Desa Cening Kecamatan Singorojo Kabupaten Kendal secara topografi termasuk dalam kategori Daerah dataran sedang dengan ketinggian ± 600 M Dari Permukaan Laut (DPL) dengan luas wilayah 989.2 ha. Adapun batas-batas wilayah Desa Cening sebagai berikut :
a. Sebelah Utara : Desa Getas-Kaliputih Kec. Singorojo
b. Sebelah Timur : Desa Kedungboto Kec. Limbangan
c. Sebelah Selatan : Desa Karangseneng Kec. Gemawang
d. Sebelah Barat : Desa Muncar Kec. Gemawang
Secara Prosentase luas wilayah Desa Ngareanak adalah :
1. Tanah Sawah : ± 117 ha
a. Irigasi Teknis : ± 35 ha
b. Irigasi Setengah Teknis : ± 27 ha
c. Irigasi Sederhana : ± 55 ha
2. Tanah Kering : ± 870 ha
a. Pekarangan/Bangunan : ± 64 ha
b. Tegal/Kebun : ± 770 ha
c. Ladang/Tanah Huma : ± 10 ha
3. Tanah Hutan : ± 660 ha
a. Hutan Lebat : ± 147 ha
b. Hutan Belukar : ± 513 ha
4. Tanah Perkebunan : ± 60 ha
a. Tanah Perkebunan Swasta : ± 60 ha
5. Tanah Keperluan Fasilitas Umum : ± 1000 ha
a. Lapangan Olah Raga : ± 1 ha
b. Tanah Makam : ± 2 ha
6. Lain (Tanah Tandus, Tanah Pasir) : ± 9 ha
7. Tanah Fasilitas Sosial : ± 1,54 ha
a. Masjid/Mushola/Langgar : ± 750 m2
b. Gereja : ± 64 m2
c. Sarana Pendidikan : ± 770 m2
d. Sarana Kesehatan : ± 40 m2
Secara administrasi pemerintahan, wilayah Desa Cening terbagi ke dalam 6 wilayah Dusun, RW dan RT.

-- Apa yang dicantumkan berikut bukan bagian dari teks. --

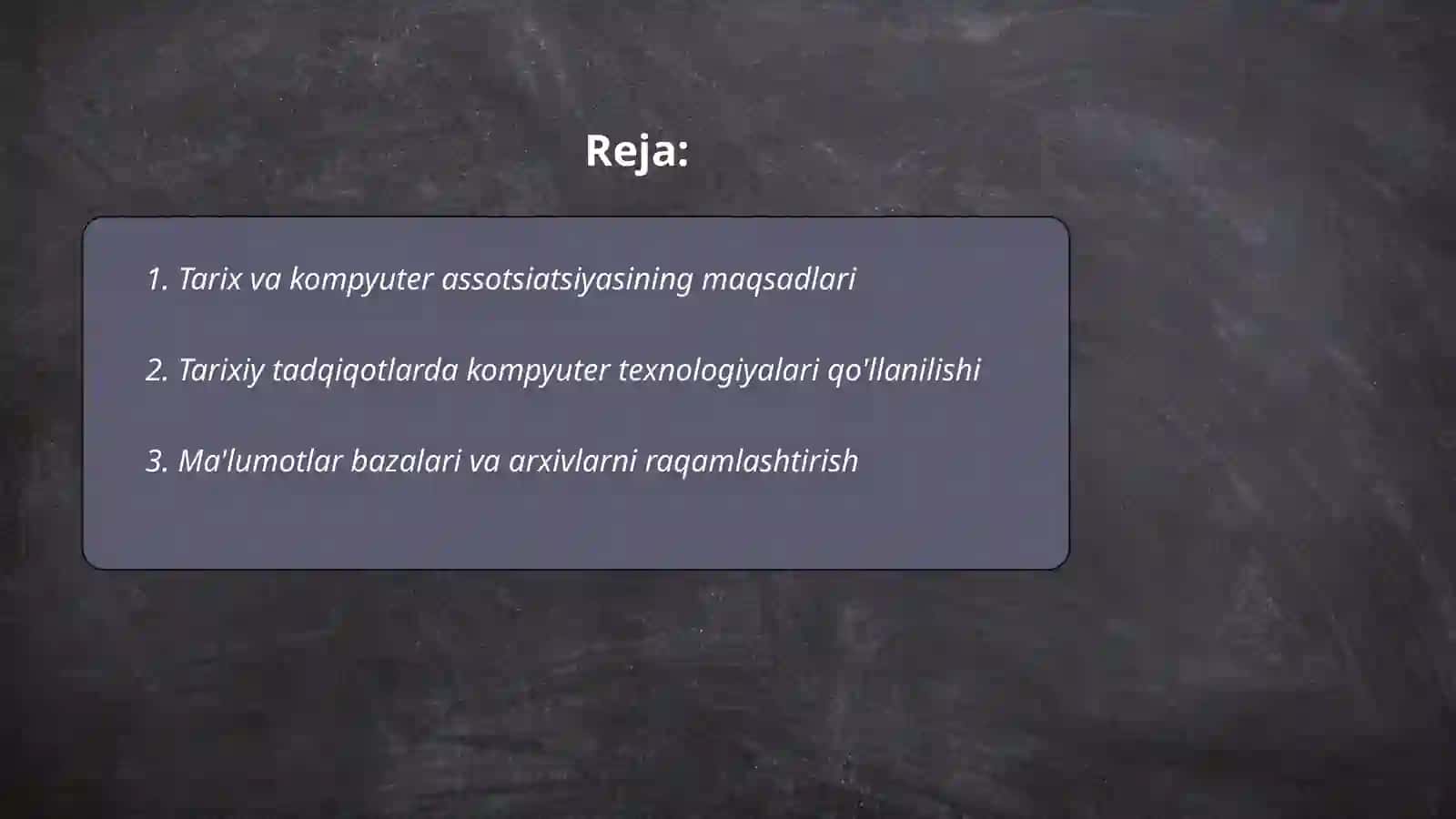 Tarix va kompyuter assotsiatsiyasi faoliyati 2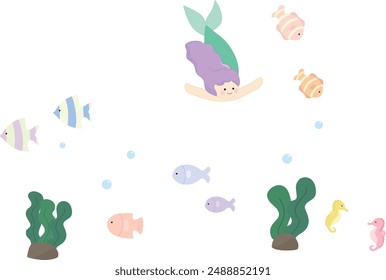 Illustration in the Sea,mermaids and fish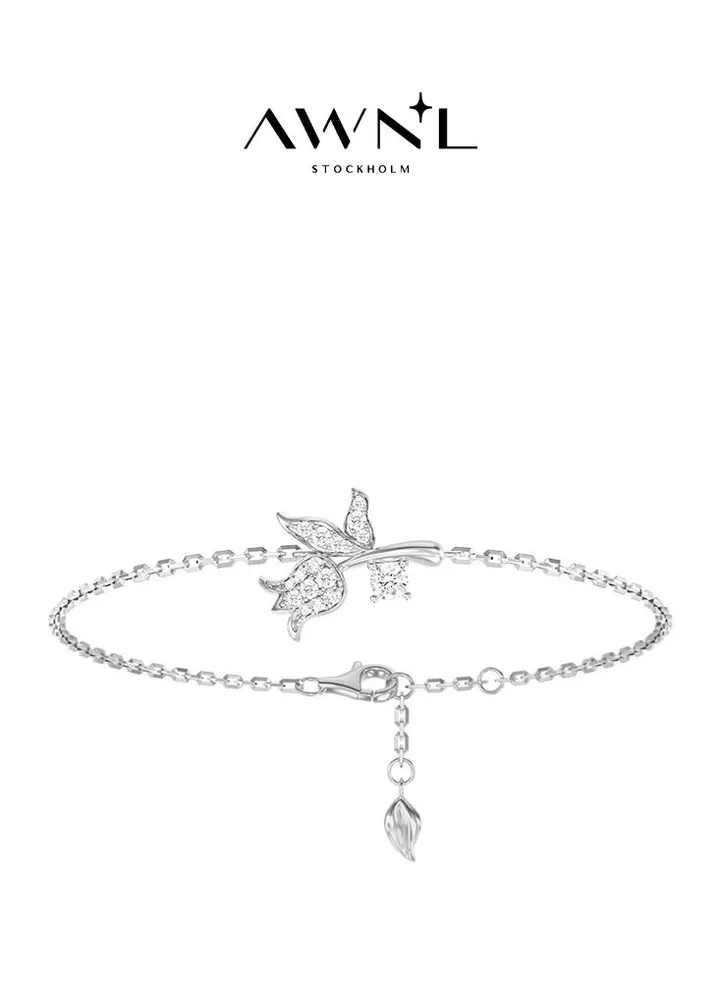 Women's Sterling Silver Bracelet of Floral Charm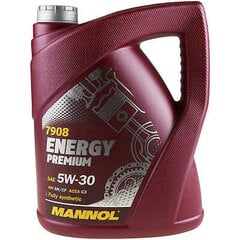 Mootoriõli Mannol Energy Premium 5W-30 Fully Synthetic, 5L hind ja info | Mootoriõlid | hansapost.ee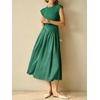 image:imageImily Bela Womens Casual Cap Sleeve Midi Dress  Crewneck Swing Flowy Empire Waist Summer 2025 TrendyGreen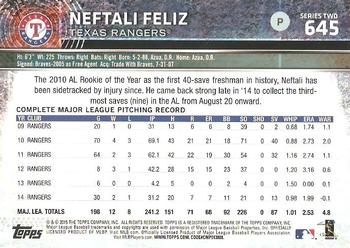 2015 Topps #645 Neftali Feliz Back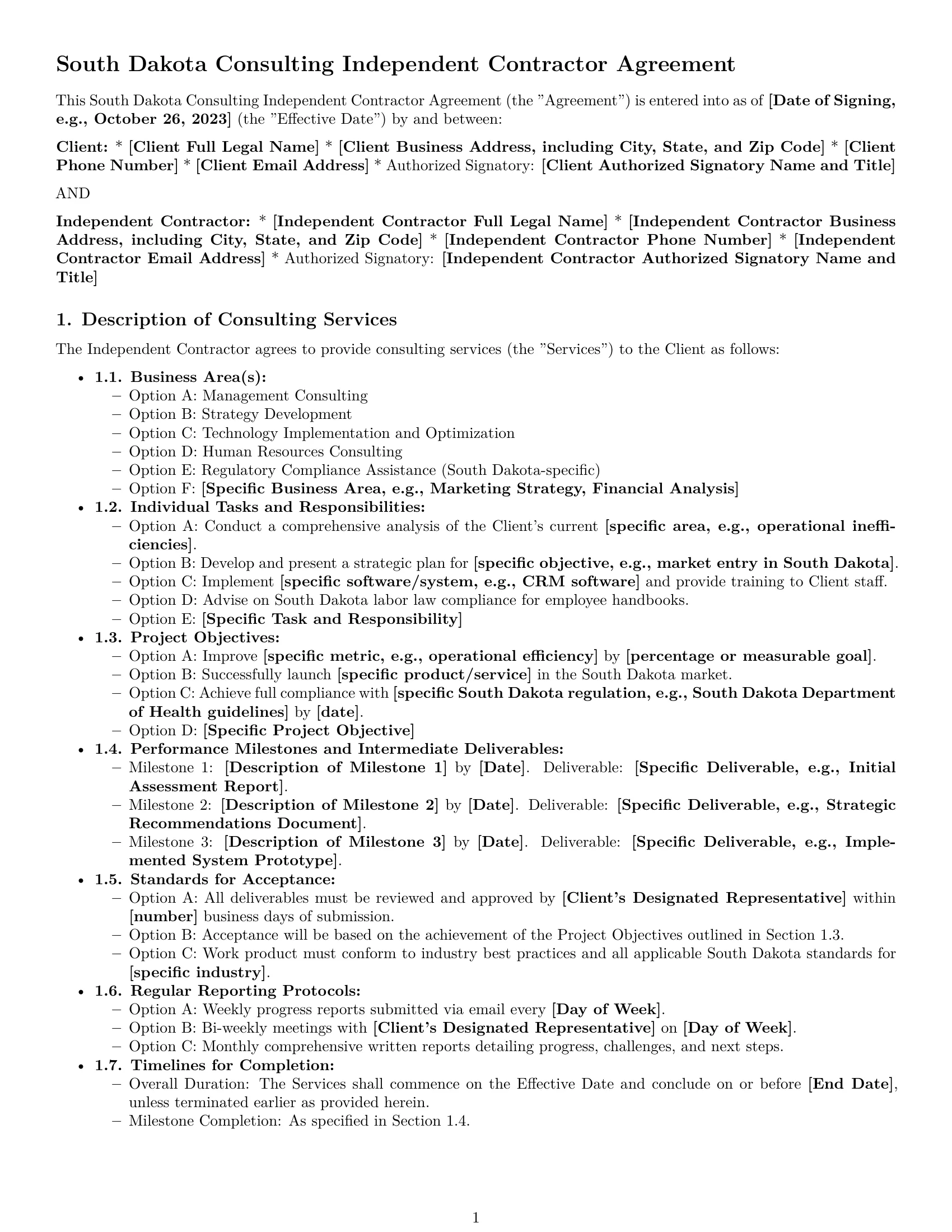 Preview page 1 of Pro South Dakota consulting independent contractor agreement template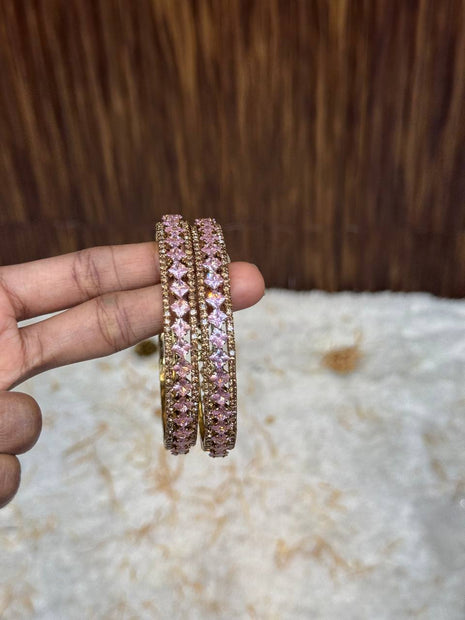 Side Bangle With Stone Work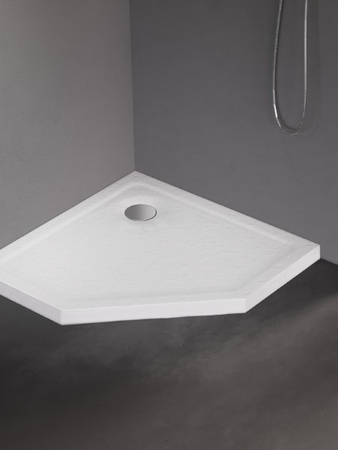 Brodzik MILD STONE akrylowy pięciokątny 90x90x4,5 biały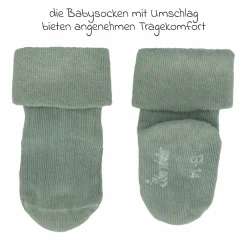 2er Pack Socken Rippenoptik - Offwhite Grün - Gr. 13/14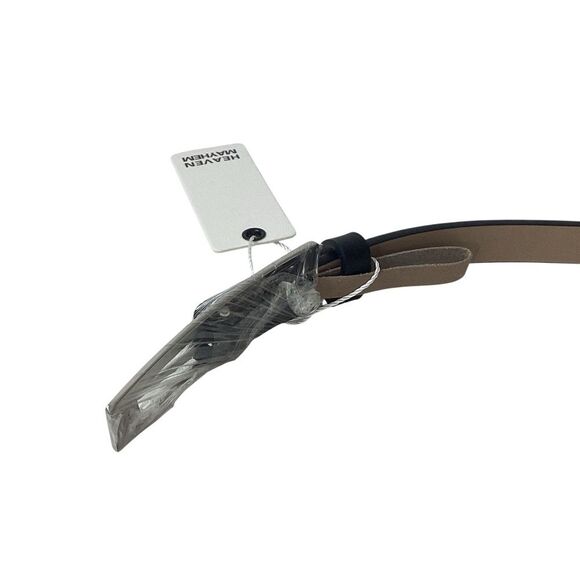HEAVEN MAYHEM NWT Size S Capsule Belt Black Leather Silver Buckle Skinny Belt - Picture 9 of 10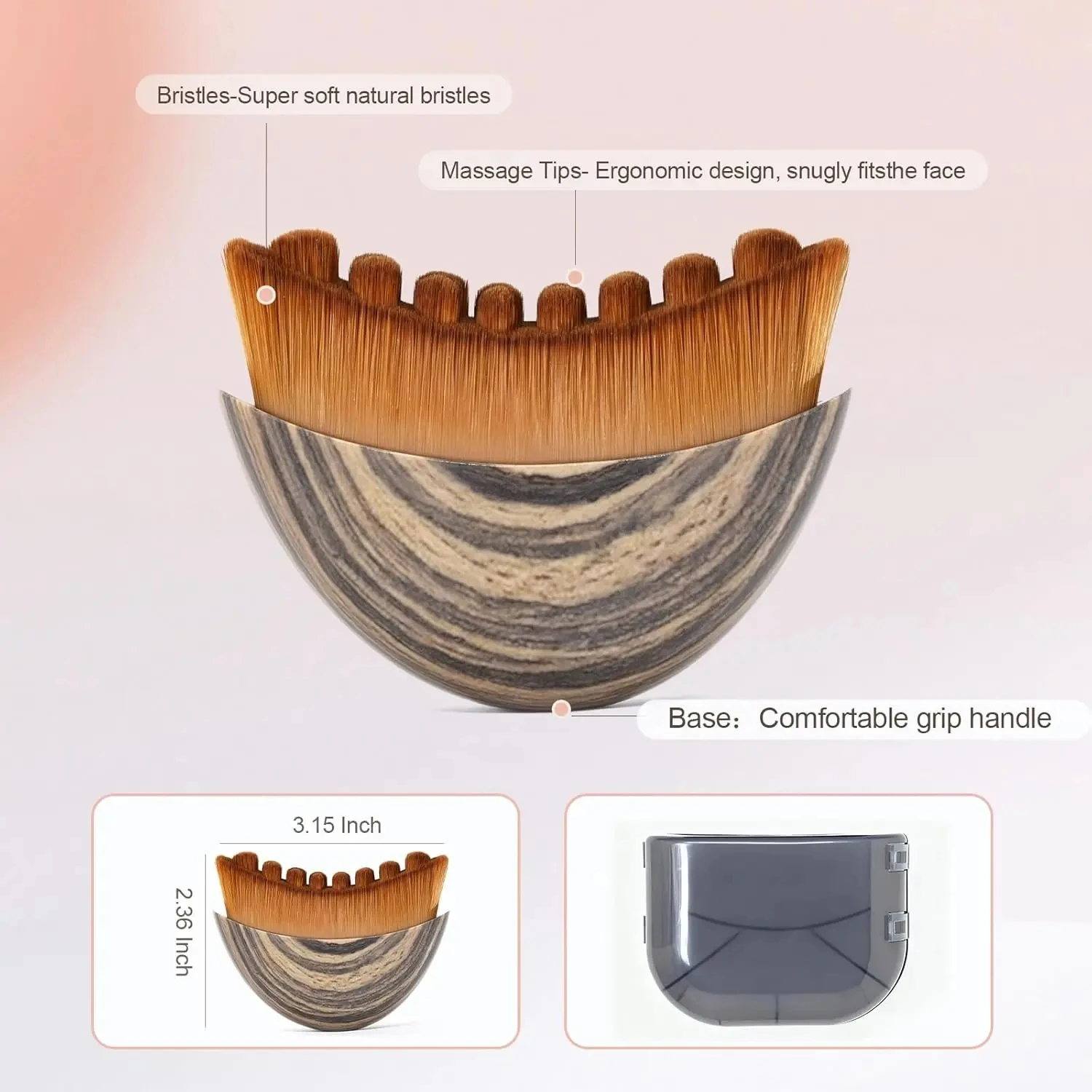 New Lymphatic Contour Face Brush for Lymphatic Drainage Massage Ergonomically Designed to Fit Skin Precisely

1. Dusun Klisat terdiri dari 5 RW dan 13 RT
2. Dusun Joho terdiri dari 1 RW dan 2 RT
3. Dusun Bendo terdiri dari 1 RW dan 2 RT
4. Dusun Kaliereng terdiri dari 1 RW dan 5 RT
5. Dusun Bumen terdiri dari 1 RW dan 2 RT
6. Dusun Cening Lor terdiri dari 2 RW dan 4 RT
sehingga jumlah keseluruhan Desa Ngareanak terdiri dari 11 RW dan 28 RT.
SEJARAH DESA CENING KEC. SINGOROJO KAB. KENDAL
Namanya adalah Desa Cening namanya nama yang aneh bila dirasa tapi disitulah letak keunikan nama desa kami, mari cari tahu lebih dalam ada apa di dalam desa Cening ini. Salah satu desa yang terletak ?Kecamatan Singorojo Kabupaten Kendal ini memiliki keragaman budaya yang unik dan juga masih aneh untuk orang-orang yang kebetulan dekat dengan desa ini.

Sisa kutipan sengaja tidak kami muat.